Segment Start: DATA RECORDS

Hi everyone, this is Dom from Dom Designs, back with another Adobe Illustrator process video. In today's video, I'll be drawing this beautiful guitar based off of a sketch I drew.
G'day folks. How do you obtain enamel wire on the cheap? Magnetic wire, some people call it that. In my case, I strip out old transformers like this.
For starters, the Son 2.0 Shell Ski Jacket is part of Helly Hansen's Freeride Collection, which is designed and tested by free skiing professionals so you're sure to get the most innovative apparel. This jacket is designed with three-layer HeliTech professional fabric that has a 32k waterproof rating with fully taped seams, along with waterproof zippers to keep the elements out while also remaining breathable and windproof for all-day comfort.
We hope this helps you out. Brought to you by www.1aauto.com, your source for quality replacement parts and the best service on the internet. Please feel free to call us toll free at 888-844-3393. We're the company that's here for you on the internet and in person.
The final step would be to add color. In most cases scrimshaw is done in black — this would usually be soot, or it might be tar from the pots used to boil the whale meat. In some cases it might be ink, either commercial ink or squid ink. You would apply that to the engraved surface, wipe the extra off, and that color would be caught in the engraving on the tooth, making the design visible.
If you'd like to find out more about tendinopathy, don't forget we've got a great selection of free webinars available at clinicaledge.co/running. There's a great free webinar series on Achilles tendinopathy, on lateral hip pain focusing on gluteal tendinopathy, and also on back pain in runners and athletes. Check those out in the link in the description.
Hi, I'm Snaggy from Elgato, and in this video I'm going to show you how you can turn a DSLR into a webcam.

Segment End: DATA RECORDS
Segment Start: DATA RECORDS

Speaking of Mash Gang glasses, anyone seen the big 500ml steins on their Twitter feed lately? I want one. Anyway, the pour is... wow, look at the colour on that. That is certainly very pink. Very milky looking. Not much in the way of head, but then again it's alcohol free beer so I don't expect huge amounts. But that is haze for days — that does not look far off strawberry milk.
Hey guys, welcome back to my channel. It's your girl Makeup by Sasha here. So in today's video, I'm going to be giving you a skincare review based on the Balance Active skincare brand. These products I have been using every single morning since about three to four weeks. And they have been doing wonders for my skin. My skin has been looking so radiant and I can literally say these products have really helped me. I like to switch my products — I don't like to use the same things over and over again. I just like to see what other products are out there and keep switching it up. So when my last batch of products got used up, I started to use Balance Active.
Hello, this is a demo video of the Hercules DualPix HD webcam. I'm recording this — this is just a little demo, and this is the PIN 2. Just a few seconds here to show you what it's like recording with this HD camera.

Segment End: DATA RECORDS

_WHAT THE EXERCISE ASKS_: Of the entries listed above, reproduce only the lines starting at the line containing "Hi everyone, this" and ending at the line containing "For starters, the". Include both, exactly as they stand.

_WRITTEN ANSWER_:
Hi everyone, this is Dom from Dom Designs, back with another Adobe Illustrator process video. In today's video, I'll be drawing this beautiful guitar based off of a sketch I drew.
G'day folks. How do you obtain enamel wire on the cheap? Magnetic wire, some people call it that. In my case, I strip out old transformers like this.
For starters, the Son 2.0 Shell Ski Jacket is part of Helly Hansen's Freeride Collection, which is designed and tested by free skiing professionals so you're sure to get the most innovative apparel. This jacket is designed with three-layer HeliTech professional fabric that has a 32k waterproof rating with fully taped seams, along with waterproof zippers to keep the elements out while also remaining breathable and windproof for all-day comfort.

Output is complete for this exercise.